*TASK DETAILS*: Tally the lines of the data below that contain the string "White". Give the tally and nothing else.

*Short descriptive text snippets*:
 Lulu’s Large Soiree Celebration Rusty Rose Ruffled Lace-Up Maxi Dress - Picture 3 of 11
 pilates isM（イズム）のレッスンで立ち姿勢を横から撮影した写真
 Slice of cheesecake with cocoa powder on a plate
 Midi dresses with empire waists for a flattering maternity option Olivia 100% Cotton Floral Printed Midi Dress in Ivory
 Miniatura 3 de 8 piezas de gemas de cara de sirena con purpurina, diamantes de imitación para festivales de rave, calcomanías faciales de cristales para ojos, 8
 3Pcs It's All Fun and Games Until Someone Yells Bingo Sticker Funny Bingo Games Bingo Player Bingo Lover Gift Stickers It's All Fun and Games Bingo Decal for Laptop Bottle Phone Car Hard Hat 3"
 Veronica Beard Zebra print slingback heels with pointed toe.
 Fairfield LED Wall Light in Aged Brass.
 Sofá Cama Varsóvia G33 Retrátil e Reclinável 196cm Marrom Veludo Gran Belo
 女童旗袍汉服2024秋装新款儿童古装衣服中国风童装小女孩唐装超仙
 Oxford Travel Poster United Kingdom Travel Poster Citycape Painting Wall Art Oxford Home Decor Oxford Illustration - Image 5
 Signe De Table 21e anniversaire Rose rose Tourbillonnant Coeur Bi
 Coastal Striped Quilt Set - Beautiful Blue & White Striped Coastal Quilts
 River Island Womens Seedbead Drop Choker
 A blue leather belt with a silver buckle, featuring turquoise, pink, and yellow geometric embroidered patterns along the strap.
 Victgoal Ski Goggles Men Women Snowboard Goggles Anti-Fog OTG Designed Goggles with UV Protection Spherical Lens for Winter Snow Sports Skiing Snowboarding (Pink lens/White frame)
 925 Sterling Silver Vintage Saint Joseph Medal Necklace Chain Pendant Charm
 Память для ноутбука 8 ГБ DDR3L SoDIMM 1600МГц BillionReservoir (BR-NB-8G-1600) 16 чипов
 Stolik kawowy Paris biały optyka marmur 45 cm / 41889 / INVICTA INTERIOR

*RESPONSE AREA*: 2